**Exercise prompt**
Below are the records; print exactly the lines from the one with "크리넥스 안심 3겹 천연펄프 · 120매 × 12롤" through the last, both included, and leave the pictures out.

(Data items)
= Beginning of Section =

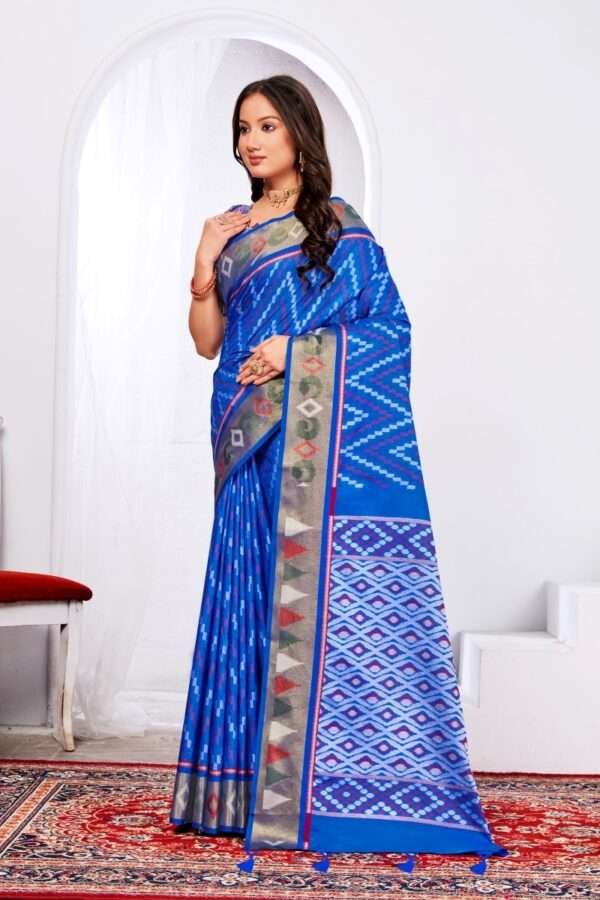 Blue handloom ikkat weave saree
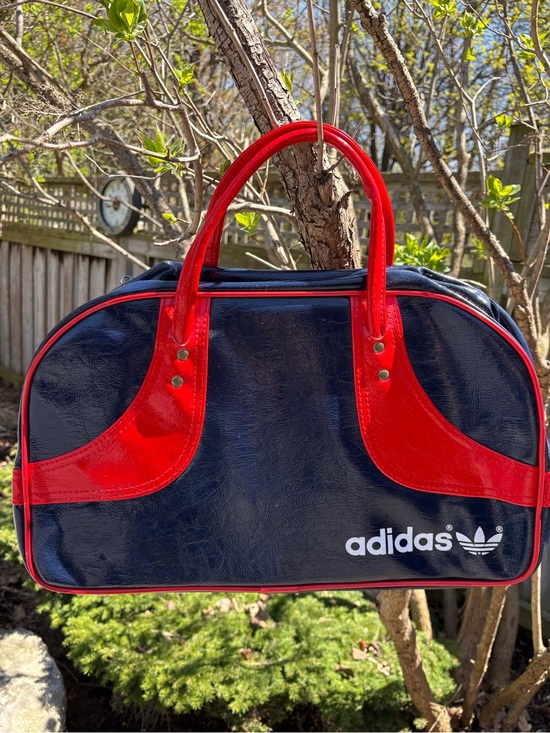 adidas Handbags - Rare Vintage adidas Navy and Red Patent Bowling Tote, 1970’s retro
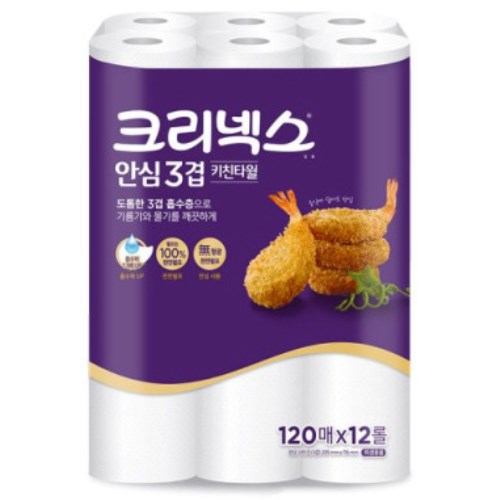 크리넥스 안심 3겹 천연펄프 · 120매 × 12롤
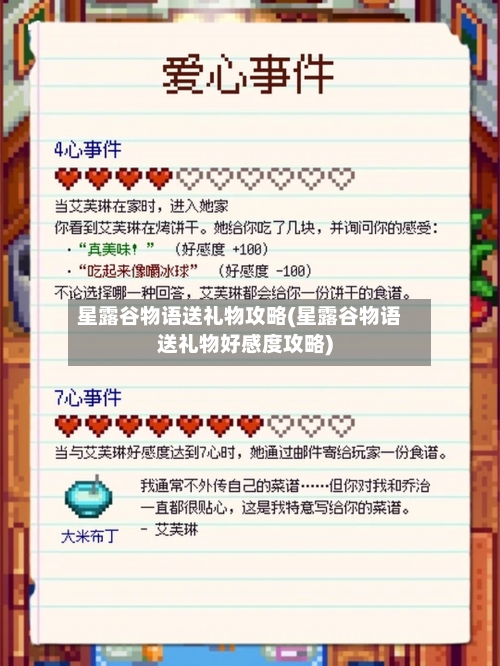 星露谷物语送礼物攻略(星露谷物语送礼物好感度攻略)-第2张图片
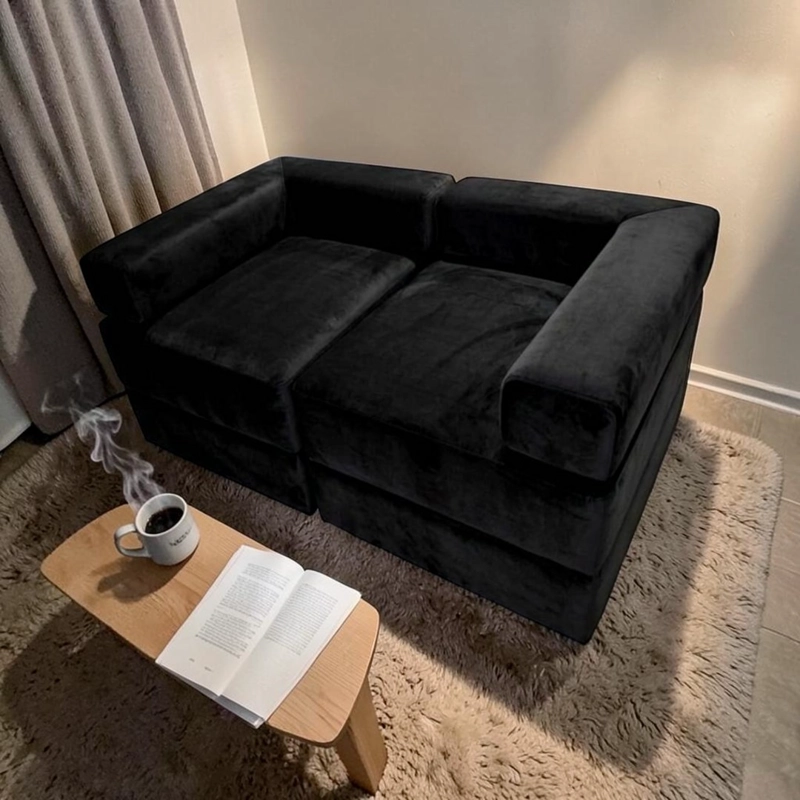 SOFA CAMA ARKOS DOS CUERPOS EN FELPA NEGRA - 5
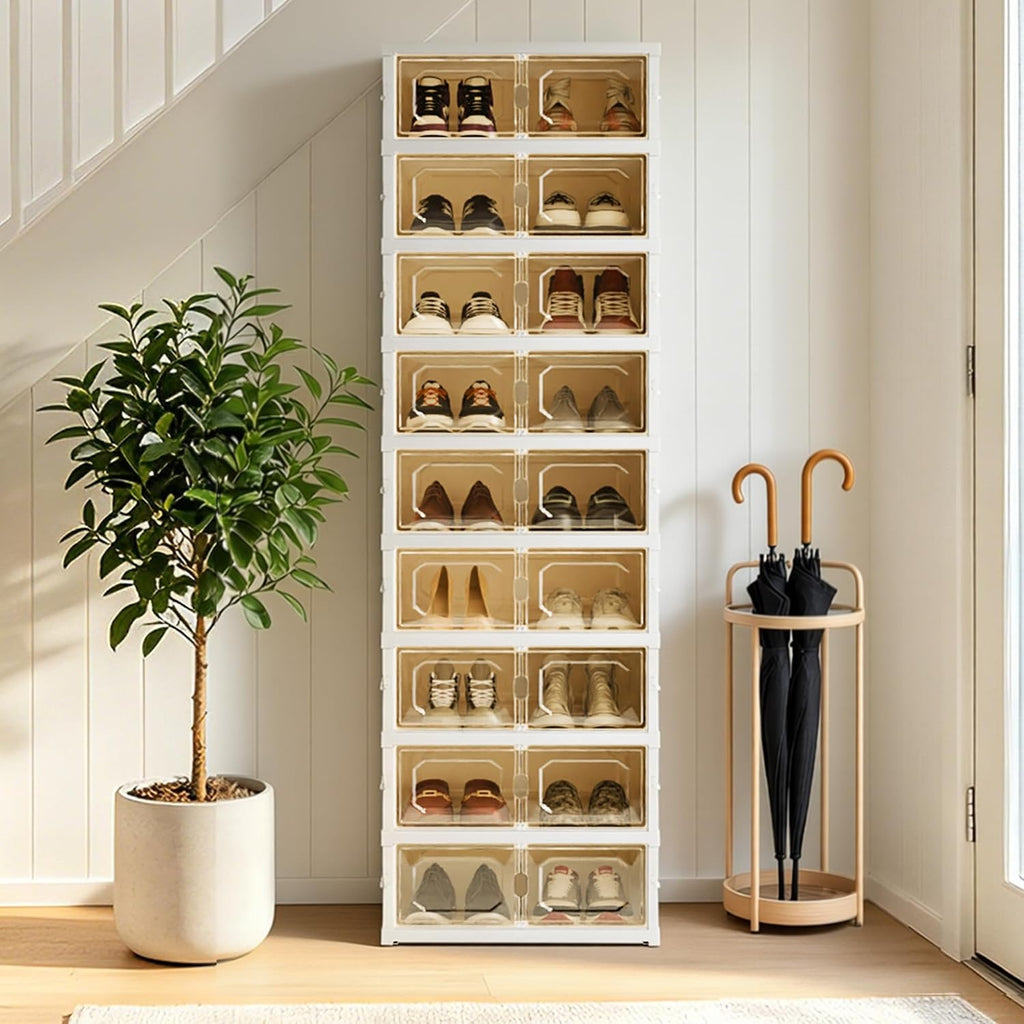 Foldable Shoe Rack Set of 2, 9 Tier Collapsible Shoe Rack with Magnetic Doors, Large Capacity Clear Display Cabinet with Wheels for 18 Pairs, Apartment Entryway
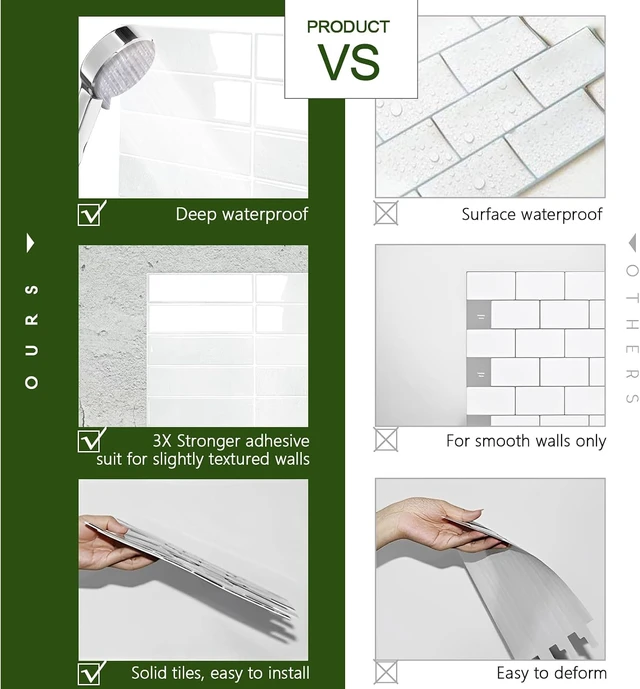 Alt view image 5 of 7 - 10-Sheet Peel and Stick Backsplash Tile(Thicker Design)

= End of Section =

**Solution to this task**
 크리넥스 안심 3겹 천연펄프 · 120매 × 12롤
 星露谷物语送礼物攻略(星露谷物语送礼物好感度攻略)-第2张图片
 SOFA CAMA ARKOS DOS CUERPOS EN FELPA NEGRA - 5
 Foldable Shoe Rack Set of 2, 9 Tier Collapsible Shoe Rack with Magnetic Doors, Large Capacity Clear Display Cabinet with Wheels for 18 Pairs, Apartment Entryway
 Alt view image 5 of 7 - 10-Sheet Peel and Stick Backsplash Tile(Thicker Design)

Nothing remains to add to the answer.